Segment Start: RECORDS FOR THIS TASK
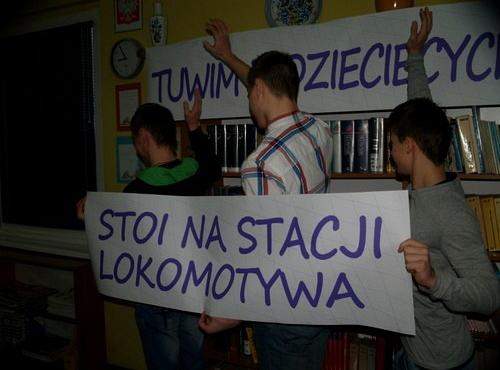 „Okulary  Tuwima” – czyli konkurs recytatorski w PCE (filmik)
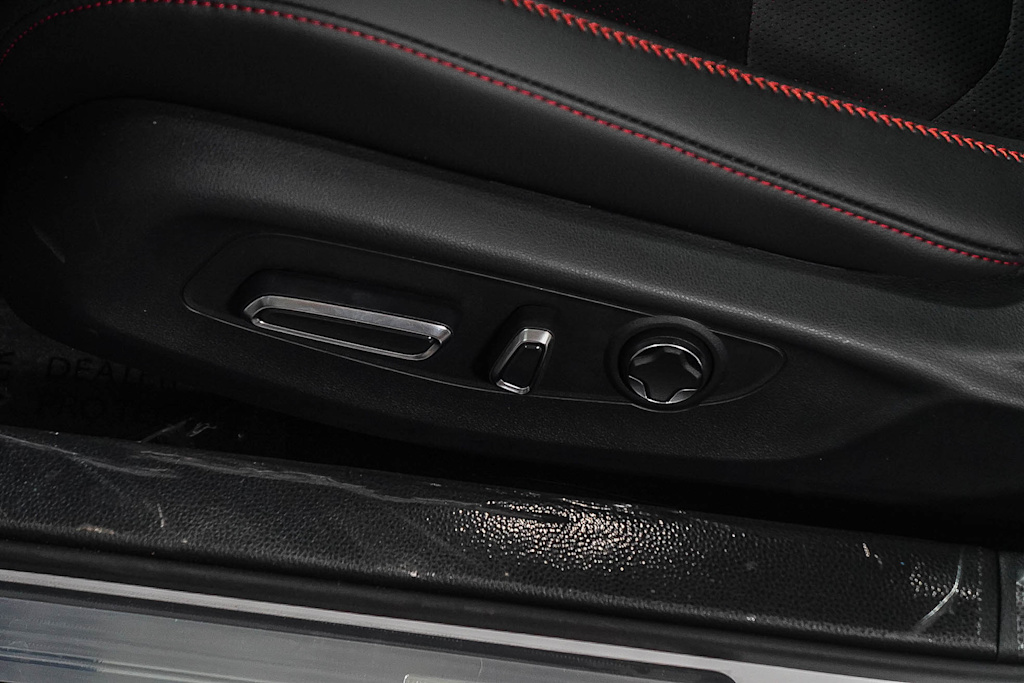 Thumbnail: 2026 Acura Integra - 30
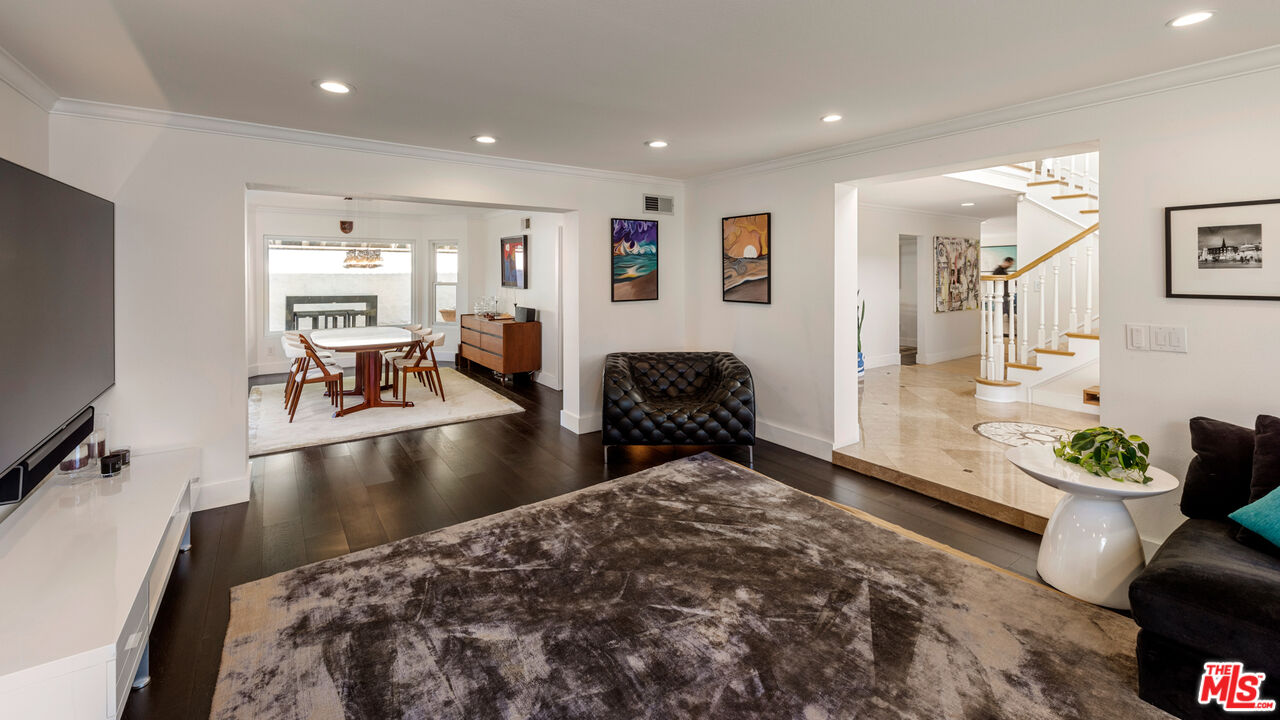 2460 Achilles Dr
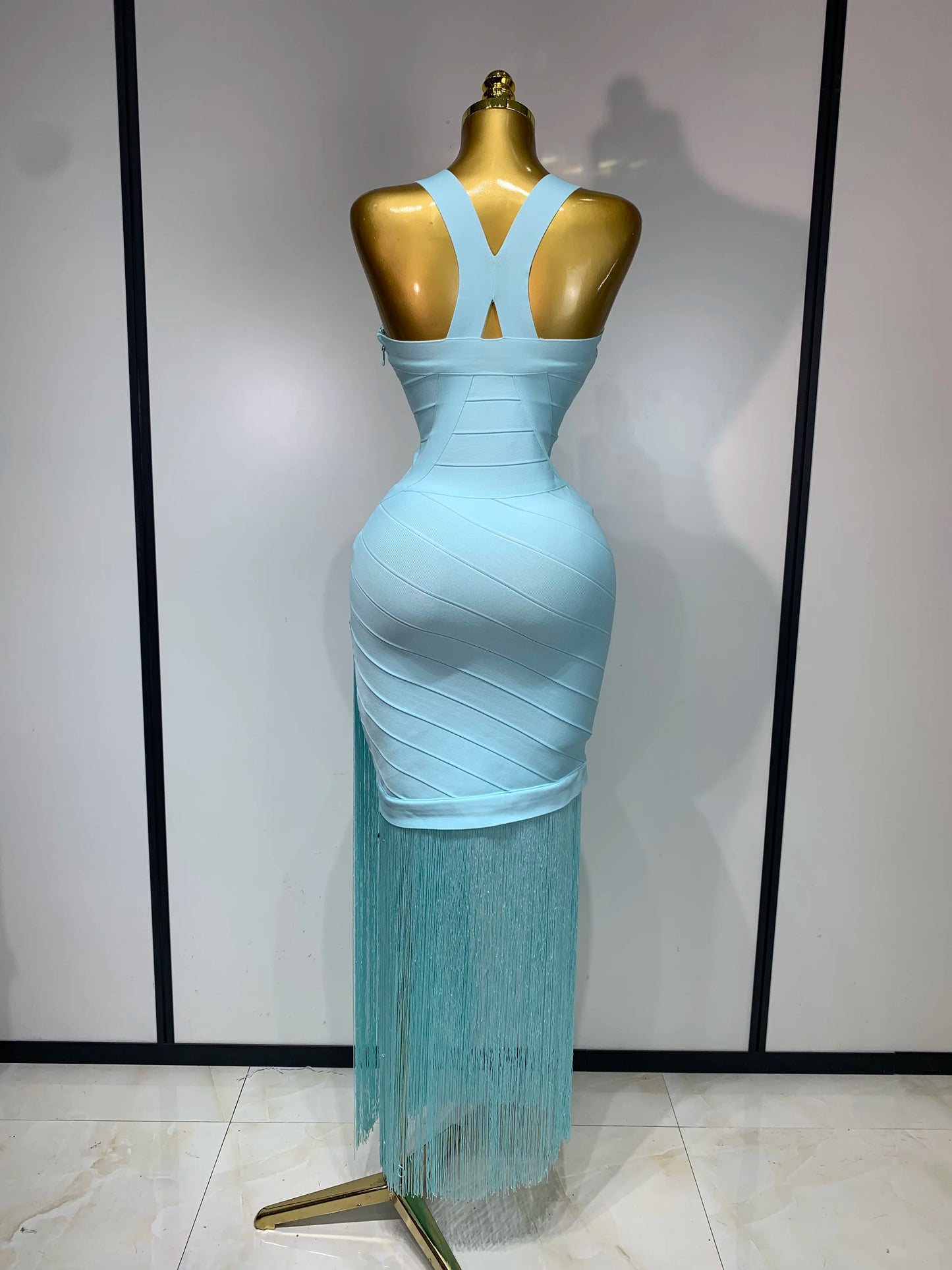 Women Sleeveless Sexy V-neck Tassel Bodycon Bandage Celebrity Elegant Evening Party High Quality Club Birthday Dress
Segment End: RECORDS FOR THIS TASK
Segment Start: RECORDS FOR THIS TASK
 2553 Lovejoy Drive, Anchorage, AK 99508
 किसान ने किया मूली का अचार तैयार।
Segment End: RECORDS FOR THIS TASK
Segment Start: RECORDS FOR THIS TASK
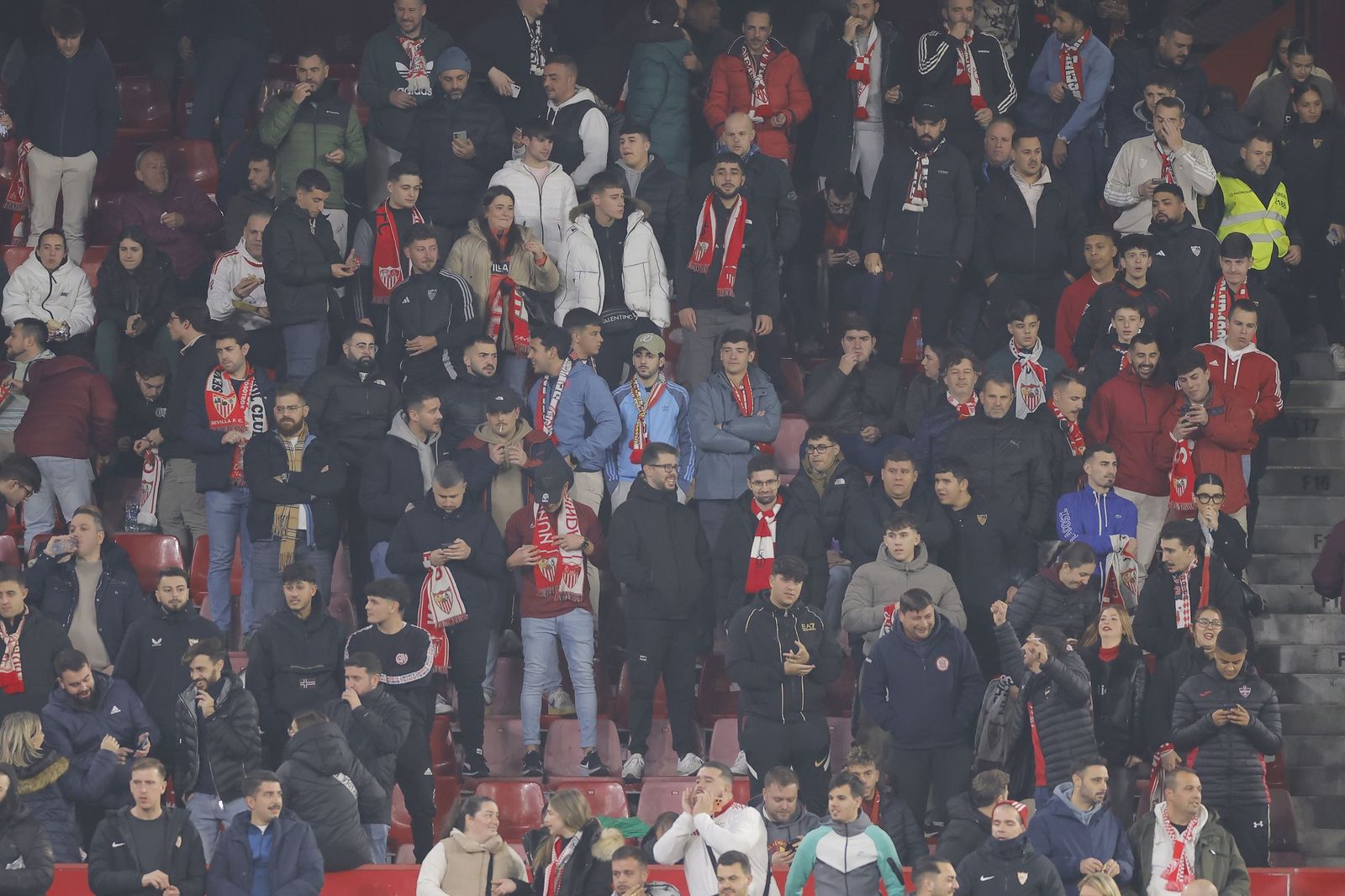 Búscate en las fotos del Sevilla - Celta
Segment End: RECORDS FOR THIS TASK
EXERCISE BRIEF: Only one stretch of the listing above is to be duplicated: the lines from the one containing "w PCE (filmik)" through the one containing "Women Sleeveless Sexy", both included. Copy them exactly, minus the pictures.

EXERCISE OUTPUT:
 „Okulary  Tuwima” – czyli konkurs recytatorski w PCE (filmik)
 Thumbnail: 2026 Acura Integra - 30
 2460 Achilles Dr
 Women Sleeveless Sexy V-neck Tassel Bodycon Bandage Celebrity Elegant Evening Party High Quality Club Birthday Dress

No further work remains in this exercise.